Italy's green pass 'should last a year', says health undersecretary
(Photo by Alberto PIZZOLI / AFP)

Italy introduced a so-called ‘green pass‘ to allow tourism to restart following Covid-19 restrictions, and will also be required to allow people to attend larger events such as wedding receptions from June.

READ ALSO: How to get Italy’s coronavirus immunity ‘green pass’ for travel

The document is currently in the form of a paper certificate proving that the holder has been vaccinated, has had Covid-19 and recovered, or has shown a negative test result within the previous 48 hours.

The pass is valid for six months for those who have been vaccinated or have recovered. But the government’s health undersecretary Pierpaolo Sileri said that the validity should be extended to a year for those who have been vaccinated, as “it is very likely that protection will last for that period.”

“However, the extension should be limited to those who have had the two doses of vaccine,” he told Rai Radio 1.

“It is clear that we have not seen a year of vaccinations, but it is very likely that protection is there,” Sileri said.

“But it should only be extended to those who have completed the vaccination cycle. It is true that the first dose gives immunity, but full, standardised immunity comes after the second dose,” he added.

READ ALSO: Italy pushes back Covid curfew to 11pm and makes six regions low-risk ‘white’ zones

Vaccinations accepted include Pfizer, Moderna and AstraZeneca or the one dose of the Johnson & Johnson vaccine.

Those who have been vaccinated should be issued a certificate proving their immunity. This is the document currently being used as the ‘green pass’ in Italy.

If you’ve previously had Covid-19 and recovered, you’ll need proof by getting a document certifying that from your local health authority (ASL) or doctor.

Testing centres can also issue paper certificates proving a negative test result, though these are valid only for 48 hours.

Pharmacies in Italy also offer rapid testing for around 20-30 euros, and you can get a rapid antigen test for free at train stations in 11 Italian cities – the results of these rapid tests can be used for the green pass.


For those travelling from outside of Italy, the Italian government has previously said that it would accept equivalent documents issued in EU countries.

Anyone not falling into these categories can get the certificate by testing negative for Covid-19, which must be carried out within 48 hours of travel.

“Vaccination and recovery certifications will be valid for six months, the one relating to the negative test will be valid for 48 hours.”

“Certifications issued in European Union member states are recognised as equivalent, as are those issued in a third country following a vaccination recognised in the European Union,” stated the Italian government’s April decree.

Sileri has called for simplification of the process, saying, “If you’ve had the vaccine, in a few weeks you shouldn’t need the swab anymore.”

READ ALSO: Indoor dining and later curfew: Italy’s new timetable for easing Covid-19 restrictions

He also advocated postponing the second shot of a vaccine if the appointment falls while a traveller is on holiday.

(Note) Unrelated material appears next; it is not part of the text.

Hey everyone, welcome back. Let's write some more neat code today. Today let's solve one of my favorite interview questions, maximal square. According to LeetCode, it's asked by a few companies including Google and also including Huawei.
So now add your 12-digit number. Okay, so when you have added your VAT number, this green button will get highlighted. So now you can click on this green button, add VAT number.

If this is not possible, “vaccination hubs can be organised in holiday resorts”, although this is not confirmed, and Sileri conceded “it will be a question of putting all this in place and matching needs with reality”.

The undersecretary’s comments came after Italy announced it would be relaxing its nationwide coronavirus measures, extending the nightly curfew and dropping six regions into the lowest-risk white zone classification.

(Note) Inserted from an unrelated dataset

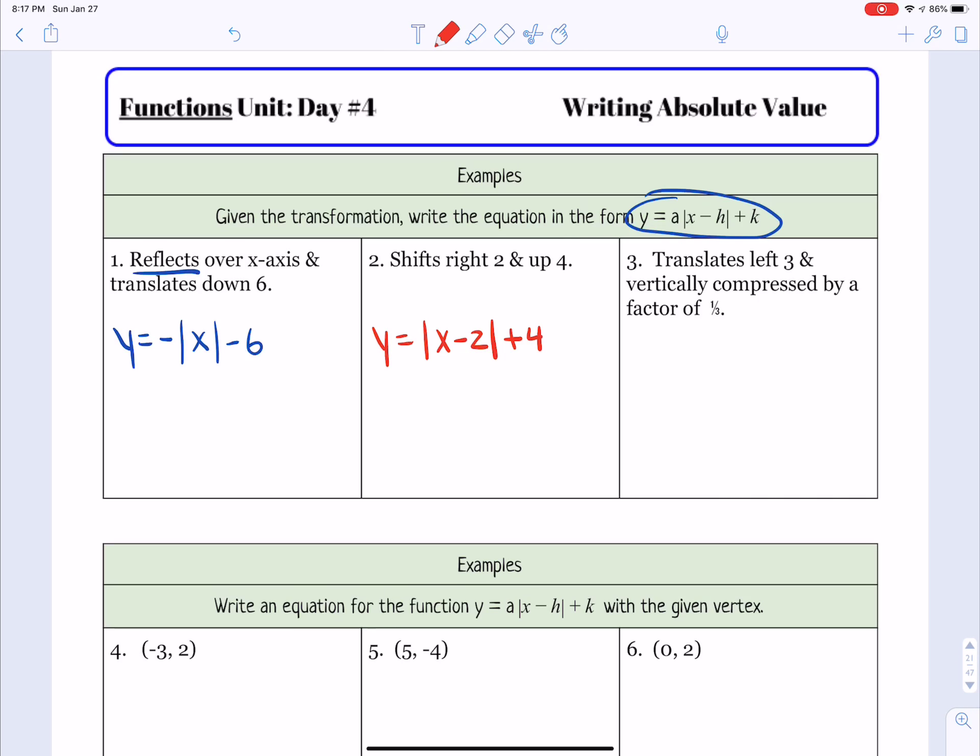Now it says to identify intervals of increasing and decreasing. In the first graph, from left to right, it is decreasing first — if I were walking along the graph, I'd be going downhill first. Then after it gets to 3, it starts to go uphill, so it would be increasing on that part of the graph.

Beaches officially opened at the weekend, and tourists from the EU, Britain and Israel were allowed entry into the country on Sunday without the need to quarantine for five days.

Meanwhile for travellers from the US, Italy is once again open to tourists – but only to those arriving on Covid-tested flights.

Stay up to date with Italy’s travel rules by checking The Local’s travel section and checking the Italian Health Ministry’s website (in English).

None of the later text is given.